Like the rest of the Megarian school he reveled in verbal arguments, proving that motion and existence are impossible. The impossible cannot result from the possible; a past event cannot become other than it is; but if an event, at a given moment, had been possible, from this possible would result something impossible; therefore the original event was impossible. This problem was taken up by Chrysippus, who admitted that he could not solve it. Diodorus Cronus’ five daughters Menexene, Argeia, Theognis, Artemisia and Pantacleia are all said to have been logicians. Philo of Megara studied with Diodorus; the logic of Philo and Diodorus influenced the logic of the Stoics, which was later taken up by twentieth-century logicians. Diodorus Cronus’ modal theory and his Master Argument served as a major philosophical inspiration for Arthur Prior.

Thought

Diodorus Cronus made important contributions in logic to the development of theories of conditionals and modal logic. Diodorus devised a forerunner of strict implication, and developed a system of modal concepts that satisfies the basic logical requirements of modern modal theory. In antiquity, Diodorus Cronus was famous for his so-called Master Argument, which aims to prove that only the actual is possible.

Conditional Propositions

Historical evidence confirms that Diodorus conceived of logic as a logic of propositions. The Stoics later systematically developed propositional logic and created subtle classifications of predicates.
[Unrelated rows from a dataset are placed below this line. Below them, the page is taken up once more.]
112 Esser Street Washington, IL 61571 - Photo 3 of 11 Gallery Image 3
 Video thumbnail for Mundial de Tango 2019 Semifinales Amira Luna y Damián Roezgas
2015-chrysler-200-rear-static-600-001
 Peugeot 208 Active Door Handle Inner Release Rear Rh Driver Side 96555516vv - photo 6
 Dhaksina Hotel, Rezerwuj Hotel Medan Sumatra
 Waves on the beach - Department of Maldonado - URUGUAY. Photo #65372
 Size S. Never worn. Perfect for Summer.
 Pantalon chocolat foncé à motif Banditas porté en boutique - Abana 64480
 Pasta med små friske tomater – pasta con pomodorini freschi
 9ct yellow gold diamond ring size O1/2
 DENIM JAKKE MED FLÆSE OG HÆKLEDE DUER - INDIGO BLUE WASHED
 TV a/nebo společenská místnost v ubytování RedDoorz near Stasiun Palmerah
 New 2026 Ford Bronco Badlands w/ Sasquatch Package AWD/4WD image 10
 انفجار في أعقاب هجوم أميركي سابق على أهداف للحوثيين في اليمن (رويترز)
At the time of Diodorus and Philo, philosophers distinguished between “simple propositions” and “complex propositions.” Simple propositions were either positive or negative statements of a single fact. Complex propositions were thought to be composed of two or more simple propositions, and could be disjunctions, conjunctions or conditional statements. Diodorus probably examined the conditions under which all three types of complex propositions might be true, but most of his work was with conditional, “if…then” propositions. Diodorus stated that a conditonal proposition was true if there was never a time when the antecedent statement was true and the consequent statement was false. If there was any time when the consequent statement was false, the proposition was false. It was not a requirement that the antecedent and consequent statements be relevant to each other in any way. The antecedent statement could be something impossible, even nonsensical, such as “ If the earth flies,” but if the consequent statement was always true, or necessary, the whole proposition was true. This created a “paradox of strict implication;” one example found in Greek texts of Diodorean-true conditional, ‘If it is not the case that there are indivisible elements of things, then there are indivisible elements of things’ (SE, Outlines of Pyrrhonism 2.111), suggests that there was some awareness of these paradoxes in antiquity.

Modalities

Diodorus considered the modalities “possible,” “impossible,” “necessary” and “non-necessary” as properties of propositions or states of affairs, rather than as components of a proposition. One text reports all four definitions of Diodorus' modal notions: Possible is that which either is or will be <true>; impossible that which is false and will not be true; necessary that which is true and will not be false; non-necessary that which either is false already or will be false. (Boethius, On Aristotle's On Interpretation 2.II.234-235) The modality of a particular proposition depended on its range of truth-values, in the present or in the future. A proposition that is always true, such as,”If I walk, I move,” is both possible and necessary. If a proposition is sometimes, but not always, true, it is possible, but not necessary. The proposition ‘It is day’ is such a case, because it is true if spoken during the day, and false if spoken at night. In defining truth-values in terms of time, Diodorus and and other ancient Greek philosophers considered was true for their own time and place, but probably were not aware of time changes, or the fact that when it was night in Athens, it was day on the other side of the world. They did not include a specific date or time in their propositions. Since Diodorus based the modality of a proposition on what was true at a specific time, certain time-based propositions could change their modality from possible to impossible and from non-necessary to necessary as time passed. If the proposition ‘Artemisia is five years old’ was now true, then that proposition was now possible; but after she reached her sixth birthday, the proposition would become impossible, bccause it would never be true again. Diodorus also distinguished between propositions in the present tense like ‘Helen has three husbands’ and ‘These men are marrying’ and propositions in a tense of completion, ‘Helen had three husbands’ and ‘These men married’, and observed that it is possible for propositions like the latter two to be true, without there ever having been a time at which a corresponding one of the former type was true. [1]

Master Argument

Diodorus used to distinct claims to define what is “possible:” Everything that either is or will be true is possible,” and, “Everything that is possible either is or will be true.” The first statement was not questioned by Hellenistic philosophers, but the second statement was considered counterintuitive required justification. Diodorus attempted to support the second claim with his Master Argument. (Epictetus, Dissertations 2.19). The Master Argument was widely discussed in antiquity, but the complete thread of the argument has been lost. One brief passage in the Dissertations of Epictetus males reference to it:

There is a general conflict between the following three <statements>: (I) every past true <proposition> is necessary; and (II) the impossible does not follow from the possible; and (III) something is possible which neither is true nor will be true. Being aware of this conflict, Diodorus used the plausibility of the first two <statements> in order to show that (IV) nothing is possible that neither is nor will be true. (Epictetus, Dissertations 2.19.1)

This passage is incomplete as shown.